Working data:
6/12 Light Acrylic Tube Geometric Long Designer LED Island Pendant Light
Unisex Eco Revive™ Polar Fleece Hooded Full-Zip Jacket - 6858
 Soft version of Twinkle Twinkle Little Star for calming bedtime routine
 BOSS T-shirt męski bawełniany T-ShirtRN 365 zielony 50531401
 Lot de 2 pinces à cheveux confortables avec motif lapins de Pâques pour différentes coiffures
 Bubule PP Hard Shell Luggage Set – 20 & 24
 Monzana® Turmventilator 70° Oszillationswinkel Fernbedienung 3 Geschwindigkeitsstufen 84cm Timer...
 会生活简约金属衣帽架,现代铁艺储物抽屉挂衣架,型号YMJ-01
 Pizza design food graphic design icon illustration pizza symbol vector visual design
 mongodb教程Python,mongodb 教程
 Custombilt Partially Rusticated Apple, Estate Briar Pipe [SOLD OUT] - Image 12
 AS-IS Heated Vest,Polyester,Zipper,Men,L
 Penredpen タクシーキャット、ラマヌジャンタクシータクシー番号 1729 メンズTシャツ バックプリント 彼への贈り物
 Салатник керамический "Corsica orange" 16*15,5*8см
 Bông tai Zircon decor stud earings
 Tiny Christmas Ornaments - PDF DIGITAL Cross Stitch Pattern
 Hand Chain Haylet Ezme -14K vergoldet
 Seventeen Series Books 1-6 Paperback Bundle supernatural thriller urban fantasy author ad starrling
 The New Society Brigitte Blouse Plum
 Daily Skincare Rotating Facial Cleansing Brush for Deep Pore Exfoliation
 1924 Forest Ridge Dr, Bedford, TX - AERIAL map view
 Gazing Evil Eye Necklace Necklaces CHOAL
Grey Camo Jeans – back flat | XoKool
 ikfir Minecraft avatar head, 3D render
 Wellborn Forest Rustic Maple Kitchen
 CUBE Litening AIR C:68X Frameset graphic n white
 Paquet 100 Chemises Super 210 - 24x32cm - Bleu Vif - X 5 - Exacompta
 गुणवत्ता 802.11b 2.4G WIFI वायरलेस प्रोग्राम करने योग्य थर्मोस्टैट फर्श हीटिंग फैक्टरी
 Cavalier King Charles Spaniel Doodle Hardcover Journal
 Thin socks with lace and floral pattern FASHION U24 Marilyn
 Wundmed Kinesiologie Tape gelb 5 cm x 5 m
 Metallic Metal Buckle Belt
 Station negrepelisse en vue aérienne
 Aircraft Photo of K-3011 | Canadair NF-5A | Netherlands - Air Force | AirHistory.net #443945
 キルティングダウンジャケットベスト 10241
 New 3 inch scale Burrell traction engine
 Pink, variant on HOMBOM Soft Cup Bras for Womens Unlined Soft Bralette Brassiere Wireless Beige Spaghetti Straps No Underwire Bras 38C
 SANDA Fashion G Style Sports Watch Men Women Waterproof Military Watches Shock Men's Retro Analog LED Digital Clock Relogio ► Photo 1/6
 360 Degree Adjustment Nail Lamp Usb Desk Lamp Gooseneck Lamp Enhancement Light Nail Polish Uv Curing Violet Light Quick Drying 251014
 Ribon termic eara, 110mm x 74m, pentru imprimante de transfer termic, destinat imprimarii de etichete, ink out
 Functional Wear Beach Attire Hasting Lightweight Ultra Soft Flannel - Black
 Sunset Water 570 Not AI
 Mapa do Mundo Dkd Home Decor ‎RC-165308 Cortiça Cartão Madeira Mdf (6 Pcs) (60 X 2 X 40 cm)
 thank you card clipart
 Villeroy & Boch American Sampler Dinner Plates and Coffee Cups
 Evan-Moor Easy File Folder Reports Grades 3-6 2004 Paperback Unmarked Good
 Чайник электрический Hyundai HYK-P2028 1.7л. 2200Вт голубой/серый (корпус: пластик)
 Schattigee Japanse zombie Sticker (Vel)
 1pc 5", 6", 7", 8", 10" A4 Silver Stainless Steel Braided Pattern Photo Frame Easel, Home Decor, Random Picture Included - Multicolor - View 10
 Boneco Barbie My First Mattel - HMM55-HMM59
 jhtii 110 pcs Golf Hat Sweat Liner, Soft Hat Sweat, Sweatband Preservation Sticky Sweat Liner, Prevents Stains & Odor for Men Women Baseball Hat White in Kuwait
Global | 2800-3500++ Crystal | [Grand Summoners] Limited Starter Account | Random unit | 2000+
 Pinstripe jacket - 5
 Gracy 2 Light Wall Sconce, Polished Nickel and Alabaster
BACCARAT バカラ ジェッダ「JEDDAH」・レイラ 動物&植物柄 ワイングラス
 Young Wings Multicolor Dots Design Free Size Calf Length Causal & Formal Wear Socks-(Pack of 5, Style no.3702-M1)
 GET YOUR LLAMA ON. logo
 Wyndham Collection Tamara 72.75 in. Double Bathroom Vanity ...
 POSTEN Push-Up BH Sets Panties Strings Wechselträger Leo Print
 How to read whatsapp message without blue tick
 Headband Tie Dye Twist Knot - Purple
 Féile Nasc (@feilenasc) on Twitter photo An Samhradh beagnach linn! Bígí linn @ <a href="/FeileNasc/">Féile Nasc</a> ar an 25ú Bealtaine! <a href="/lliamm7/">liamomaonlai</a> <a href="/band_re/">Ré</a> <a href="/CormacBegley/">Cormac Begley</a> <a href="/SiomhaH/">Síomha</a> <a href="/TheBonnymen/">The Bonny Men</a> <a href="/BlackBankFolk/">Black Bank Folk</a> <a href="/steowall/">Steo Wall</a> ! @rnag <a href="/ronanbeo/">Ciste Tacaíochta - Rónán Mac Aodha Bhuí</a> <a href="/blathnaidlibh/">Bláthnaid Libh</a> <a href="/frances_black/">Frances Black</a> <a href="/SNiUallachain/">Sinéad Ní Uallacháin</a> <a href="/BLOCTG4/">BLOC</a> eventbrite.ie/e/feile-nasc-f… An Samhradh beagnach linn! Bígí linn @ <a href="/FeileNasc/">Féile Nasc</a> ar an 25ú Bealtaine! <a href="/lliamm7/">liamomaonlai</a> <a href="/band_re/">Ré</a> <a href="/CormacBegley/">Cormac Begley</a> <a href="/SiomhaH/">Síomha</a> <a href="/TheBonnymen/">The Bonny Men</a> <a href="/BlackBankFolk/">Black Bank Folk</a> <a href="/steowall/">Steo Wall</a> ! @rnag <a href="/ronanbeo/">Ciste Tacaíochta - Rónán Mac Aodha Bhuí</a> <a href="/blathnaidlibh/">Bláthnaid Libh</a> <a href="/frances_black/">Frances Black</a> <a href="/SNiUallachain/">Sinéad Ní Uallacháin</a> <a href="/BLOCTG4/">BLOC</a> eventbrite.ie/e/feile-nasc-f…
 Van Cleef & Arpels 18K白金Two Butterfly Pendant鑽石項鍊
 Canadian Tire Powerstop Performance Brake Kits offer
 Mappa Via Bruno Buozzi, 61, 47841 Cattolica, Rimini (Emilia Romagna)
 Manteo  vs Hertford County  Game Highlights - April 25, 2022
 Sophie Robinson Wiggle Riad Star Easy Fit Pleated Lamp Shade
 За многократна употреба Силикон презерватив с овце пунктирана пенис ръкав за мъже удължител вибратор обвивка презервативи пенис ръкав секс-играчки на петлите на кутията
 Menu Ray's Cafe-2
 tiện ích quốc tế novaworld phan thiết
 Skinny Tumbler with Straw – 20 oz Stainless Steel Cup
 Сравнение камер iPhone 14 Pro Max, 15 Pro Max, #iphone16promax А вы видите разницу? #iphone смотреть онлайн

Work to complete: Out of the data above, transcribe exactly and only the lines starting with the line that has "Seventeen Series Books" and going on through the line that has "ikfir Minecraft avatar head, 3D render", both included.

Task output:
 Seventeen Series Books 1-6 Paperback Bundle supernatural thriller urban fantasy author ad starrling
 The New Society Brigitte Blouse Plum
 Daily Skincare Rotating Facial Cleansing Brush for Deep Pore Exfoliation
 1924 Forest Ridge Dr, Bedford, TX - AERIAL map view
 Gazing Evil Eye Necklace Necklaces CHOAL
Grey Camo Jeans – back flat | XoKool
 ikfir Minecraft avatar head, 3D render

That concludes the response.